WORK ITEM: Below is some data. Retype exactly the lines starting at the one with "Mid Heather Gray" and ending at the one with "icon GPS Navigation, Map".

[PROVIDED RECORDS Boundary: Start]

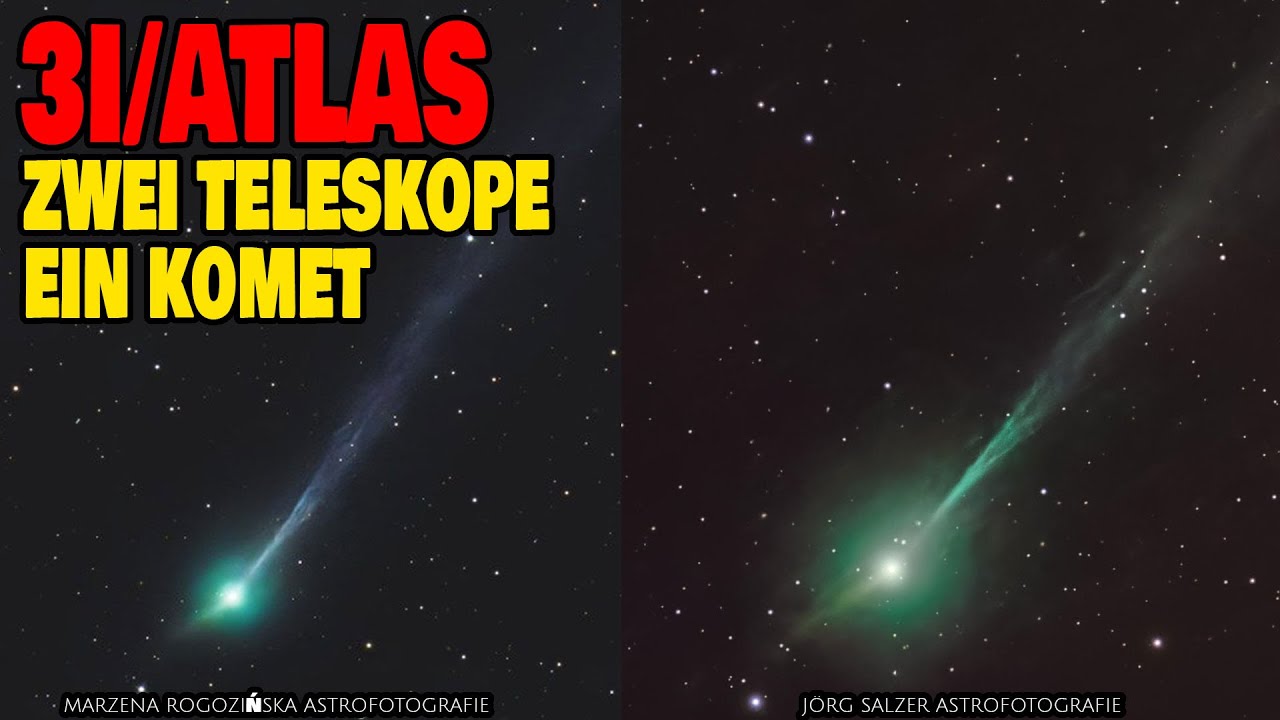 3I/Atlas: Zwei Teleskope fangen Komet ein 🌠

[PROVIDED RECORDS Boundary: End]
[PROVIDED RECORDS Boundary: Start]

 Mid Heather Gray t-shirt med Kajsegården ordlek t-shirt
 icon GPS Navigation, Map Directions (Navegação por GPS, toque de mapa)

[PROVIDED RECORDS Boundary: End]

TASK RESULT:
 Mid Heather Gray t-shirt med Kajsegården ordlek t-shirt
 icon GPS Navigation, Map Directions (Navegação por GPS, toque de mapa)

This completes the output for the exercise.